(Source data)
┌──

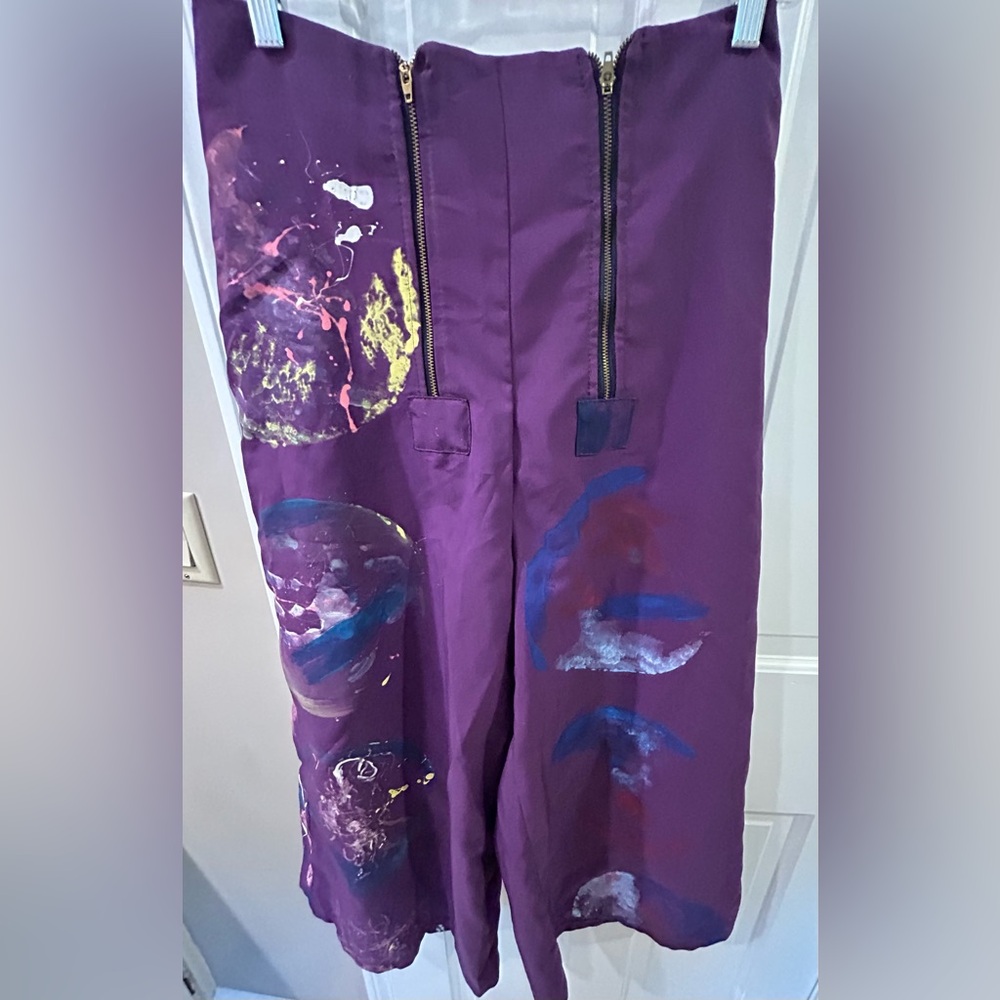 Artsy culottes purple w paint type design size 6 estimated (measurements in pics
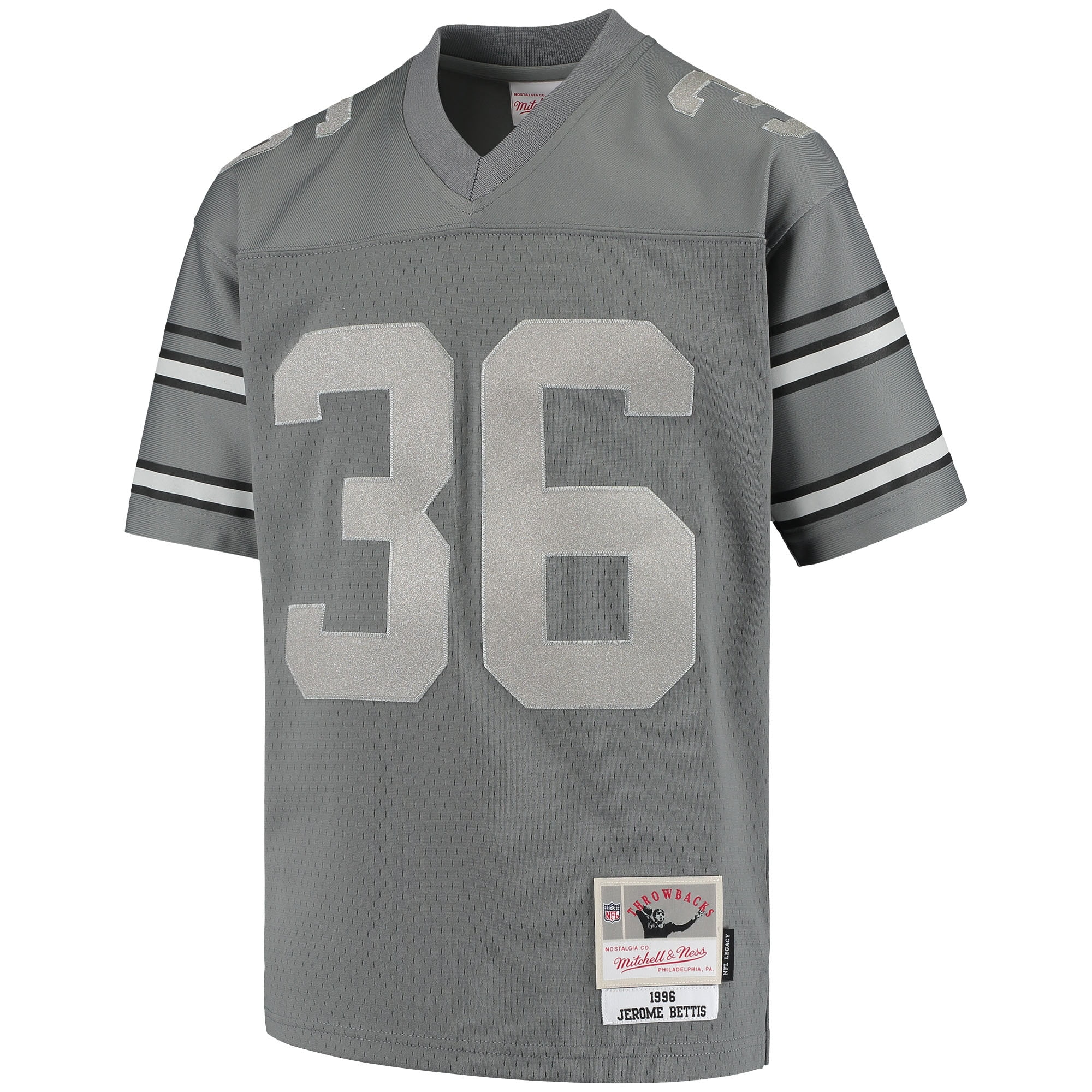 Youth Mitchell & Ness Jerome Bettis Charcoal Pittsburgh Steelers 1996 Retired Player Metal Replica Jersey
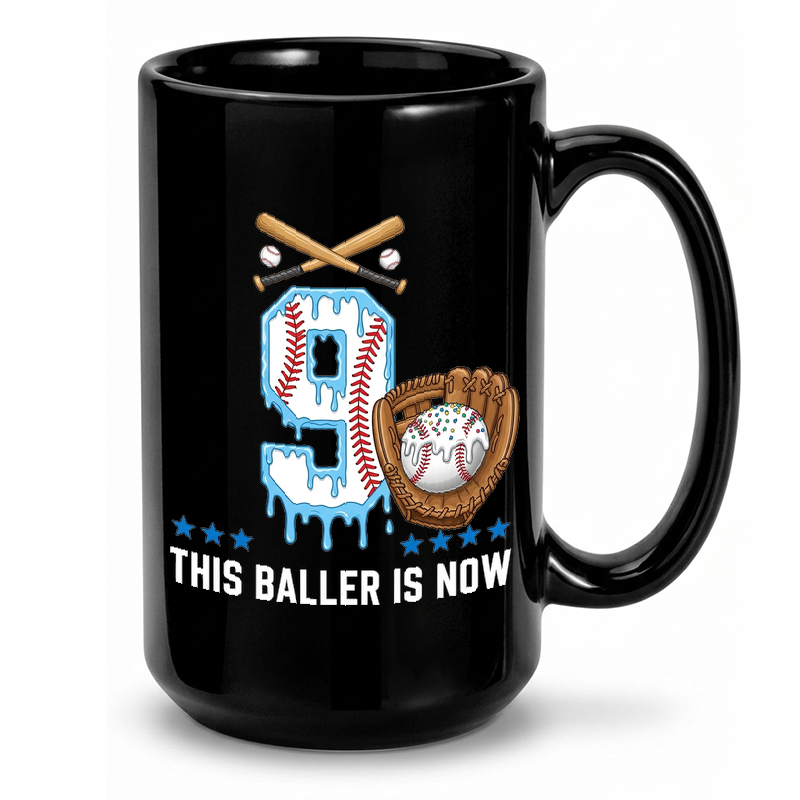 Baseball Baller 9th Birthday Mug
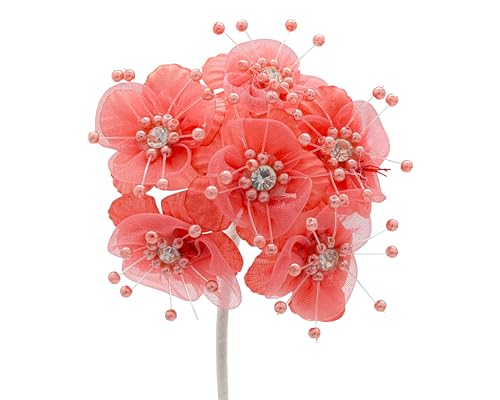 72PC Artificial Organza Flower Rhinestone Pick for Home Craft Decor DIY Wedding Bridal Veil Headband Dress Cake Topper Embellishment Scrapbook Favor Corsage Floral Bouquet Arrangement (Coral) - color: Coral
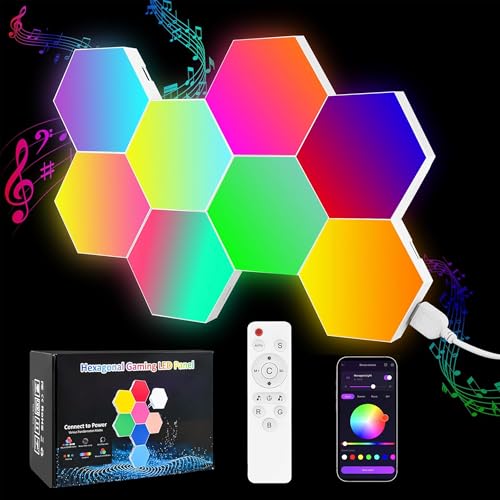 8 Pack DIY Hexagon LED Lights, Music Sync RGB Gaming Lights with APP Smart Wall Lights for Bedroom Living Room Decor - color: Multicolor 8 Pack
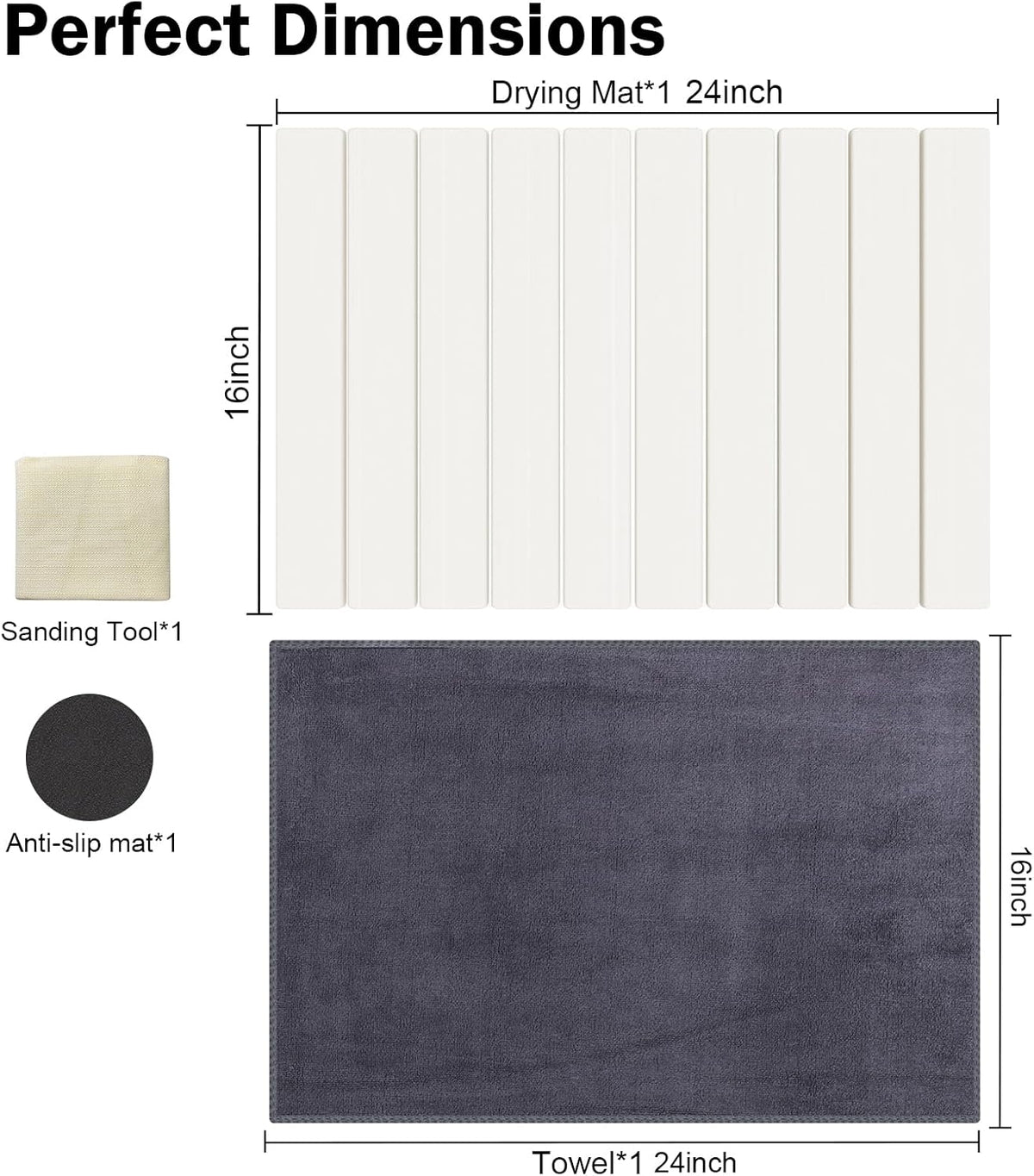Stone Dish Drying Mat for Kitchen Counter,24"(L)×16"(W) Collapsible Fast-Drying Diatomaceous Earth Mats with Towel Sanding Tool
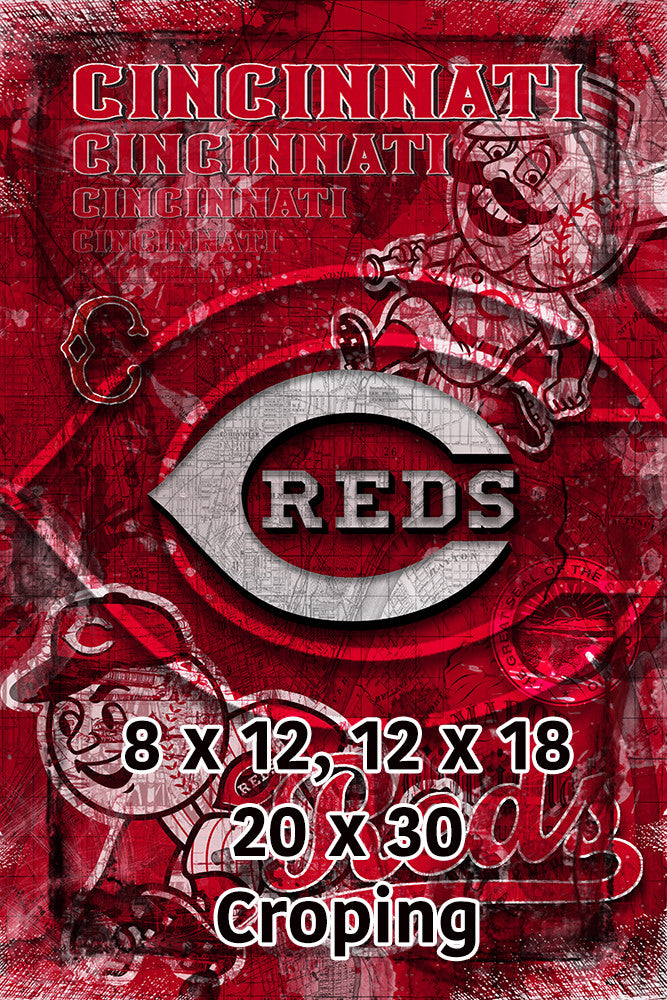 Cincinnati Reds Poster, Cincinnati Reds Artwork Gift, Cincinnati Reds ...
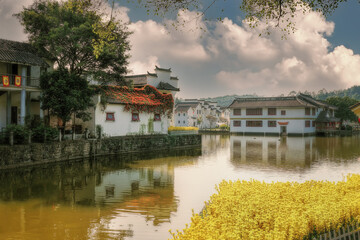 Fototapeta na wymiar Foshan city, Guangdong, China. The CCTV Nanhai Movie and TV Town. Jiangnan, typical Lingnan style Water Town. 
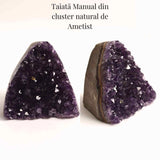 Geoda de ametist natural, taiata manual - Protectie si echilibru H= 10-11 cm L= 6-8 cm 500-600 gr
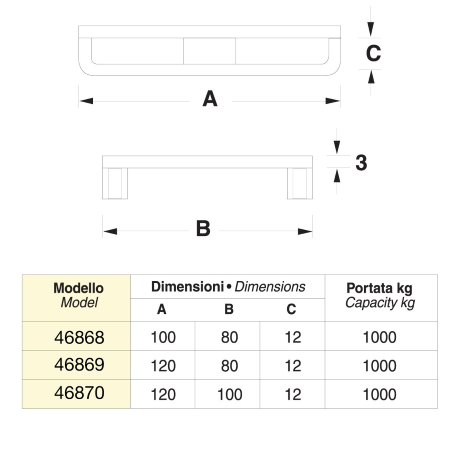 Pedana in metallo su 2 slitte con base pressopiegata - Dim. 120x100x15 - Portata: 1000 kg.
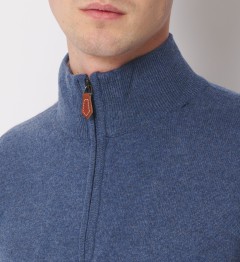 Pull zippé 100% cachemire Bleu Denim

└──

# To do
Starting with the first line of the data, transcribe every line exactly through the one containing "8 Pack DIY Hexagon". No pictures go in.

# Written answer
 Artsy culottes purple w paint type design size 6 estimated (measurements in pics
 Youth Mitchell & Ness Jerome Bettis Charcoal Pittsburgh Steelers 1996 Retired Player Metal Replica Jersey
 Baseball Baller 9th Birthday Mug
 72PC Artificial Organza Flower Rhinestone Pick for Home Craft Decor DIY Wedding Bridal Veil Headband Dress Cake Topper Embellishment Scrapbook Favor Corsage Floral Bouquet Arrangement (Coral) - color: Coral
 8 Pack DIY Hexagon LED Lights, Music Sync RGB Gaming Lights with APP Smart Wall Lights for Bedroom Living Room Decor - color: Multicolor 8 Pack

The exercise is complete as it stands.